The newest front in the fight for a more sustainable world is emerging as the hip pocket – or more accurately, the bank statements – of mum and dad investors. This was highlighted in January of this year when anti-coal activist Jonathan Moylan issued a fake press release purporting to pull ANZ’s $1.2 billion loan to Whitehaven Coal’s Maules Creek coal mine. “We want our customers to be assured” said the release, “that we will not be investing in coal projects that cause…unacceptable damage to the environment.”
The hoax was not only successful in highlighting the direct environmental impacts of the mine, but also ANZ’s actions as its financial backer. In the aftermath, which had financial as well as corporate image repercussions – the scam briefly wiped $300 million off the share price of Whitehaven Coal – it raised the question: what is the role of banks in taking responsibility for the indirect impacts of their investments?
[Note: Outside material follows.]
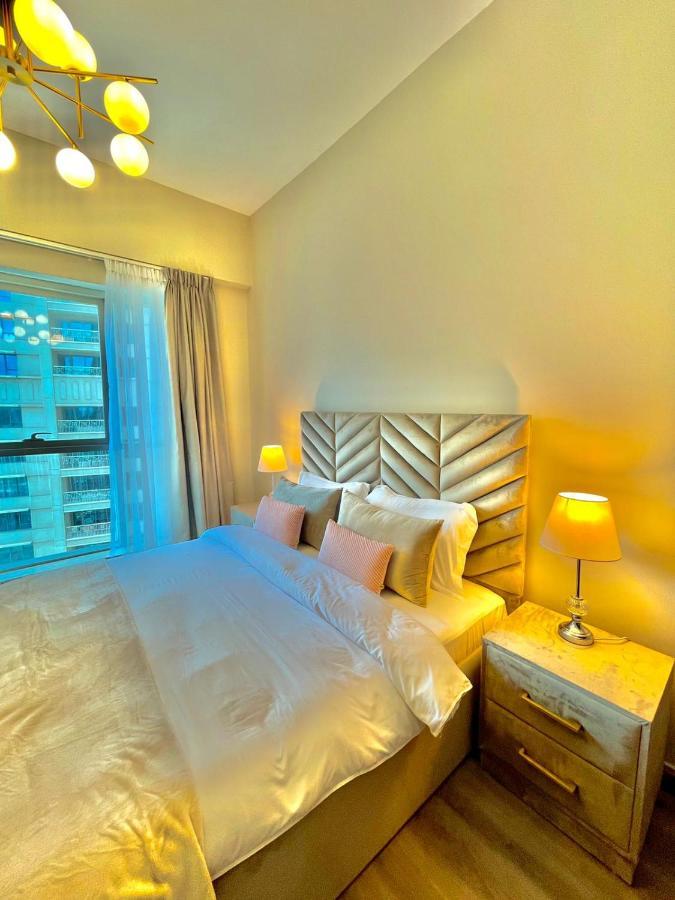First Class 2Br With Burj Khalifa & Downtown View ドバイ エクステリア 写真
But banks aren’t the only financial institutions in the firing line for compromising on ethical or sustainable standards. Australia’s compulsory superannuation system has spawned a plethora of superannuation funds, whose funds under management have surpassed $2 trillion – to put it into perspective, that’s about 50% higher than Australia’s GDP in 2012. These funds own over 40% of the shares on the Australian stock market, so it’s safe to say that if you have a super fund, you have shares as well.
Responsible investment: a layperson’s guide
Bill Hartnett is the Head of Sustainability at the New South Wales-based Local Government Super Scheme (or LGSS), a super fund that is recognised as a prominent advocate for what the industry terms ‘responsible’ investment. He points out that making investment decisions based on non-financial considerations is not new to super funds.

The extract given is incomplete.